Wednesday morning I had the honor of sitting across the table from Paul Nelson, who held a recorder and asked me questions about Filthy Jerry, faith, empire, and poetic form. It'll be up in about a week or so, and we'll see just how badly I butchered my thoughts on complex issues like the State of the Nation, my Personal Faith Journey and Poetry.
Nonetheless it was a good conversation, but I'm never quite confident in my ability to not come off like a jackass in these situations.

 Riding a bus north to Bellingham, where I'll say goodbye to David Ney who moves to Brooklyn. Oh hey, just passed through Everett, where monday's Da'Daedal will occur and I swear I'll have a new thing written for it. I swear.

Thursday, 13 October 2011

Revolutions are real things,

but are poems about "revolution" about the real thing?

this afternoon, at the North Seattle Community College Espresso Lounge, myself, Lindsey Walker and John Newman read as part of the school's Year of Learning program; the theme for the year is, yup, "revolution."
So vague, but so specific; many of the students at North are international students, some are here directly due to displacement brought on by real, violent, terrifying revolutions. So, given my limited scope of experience with these things, I wasn't sure what to read; I support proactive and sometimes risky measures for change (my next post will probably be about Occupy______) but I am not an anarcho-socialist, by any strict measure, and my own experiences with violence involve seeing a few barfights and hitting someone over the head with a broom when I was 14. That said, the definition of "revolution" was intentionally left squishy-- Lindsey read about science, medicine, the pharoahs. John read about the Civil War, 1963 (in a piece about the '60s that didn't make me want to puke) and finding anonymous notes in library books. I read about Wales. More specifically: Culture Vs. Cause (or Enough with the Marley Already if Folks are Actually Dying)/ Neo Takes the Blue Pill/ Dongtan-Hwaesong-Suwon-Seoul/ Swansea-Cardiff Blues (bellingham edition)/ Ambition is Critcial (Swansea Edition)/ Quake Theories

First piece is perhaps an extraneously mean-spirited jab at collegiate hippie types (and bob fucking marley posters) which I wrote about six years ago, just after graduating the first time. The last poem is new, about earthquakes and what happens to Seattle. Things were well set-up and there were actually a lot of people there. (noon on a thursday? who knew.)Cousin Justin hit up the reading after a too-brief hangout beforehand, where we test-drove Ford Focuses and hey! Free coffee.

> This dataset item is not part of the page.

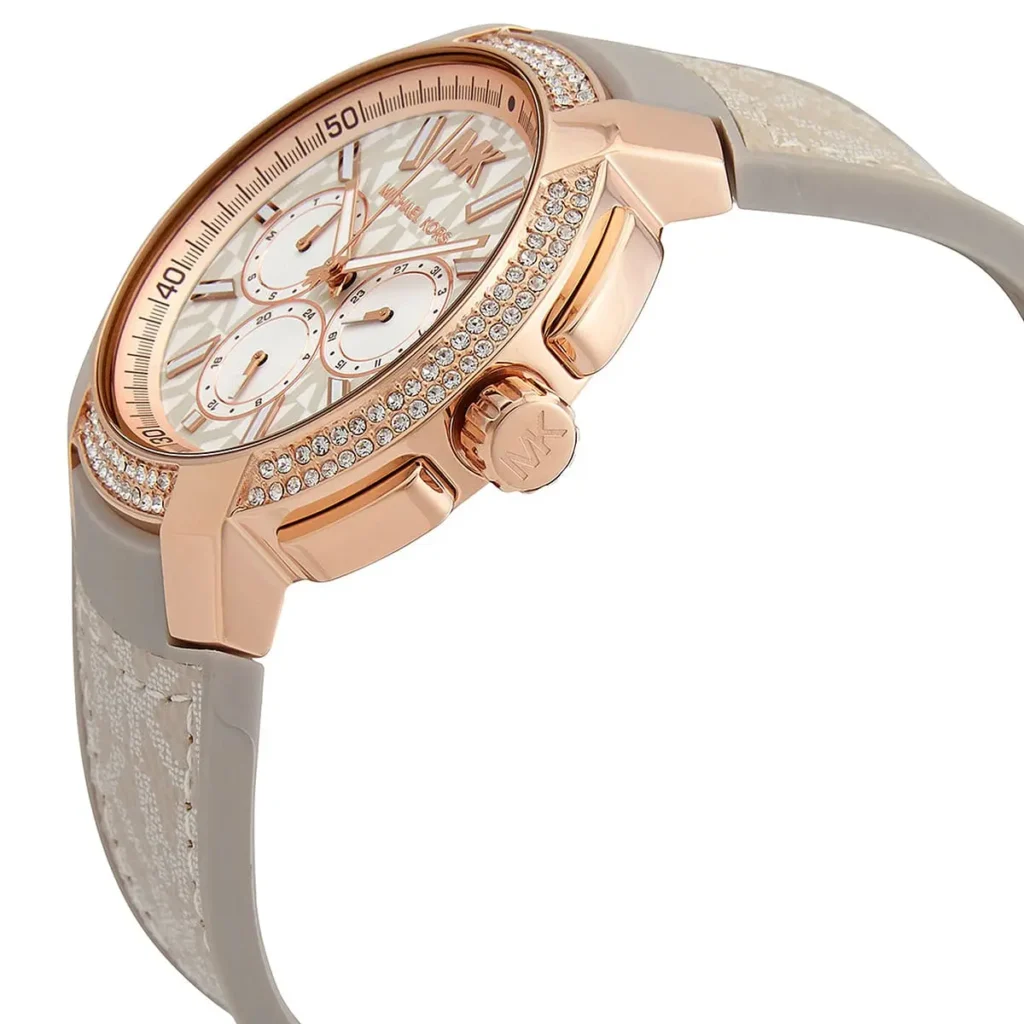 Michael Kors Ladies Watch Sidney MK6949 | Watches Prime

Tuesday night I had my first taste of facilitating at SPLAB Living Room a task I felt underprepared for. It's a hard working and dedicated group of writers that shows up, founded by Paul Nelson and running for over 10 years. (this is it's second in Columbia City, prior it was in Auburn.) Unforseen and unfortunate circumstances-- I don't feel like blogging grief right now-- prevented much prepwork, but things went well anyway. See above about the dedicated and talented writers.

Anyway. Lots of family is out, I'm working a lot and soon will start putting together a new book/chapbook/manuscript. Longwinded, I know.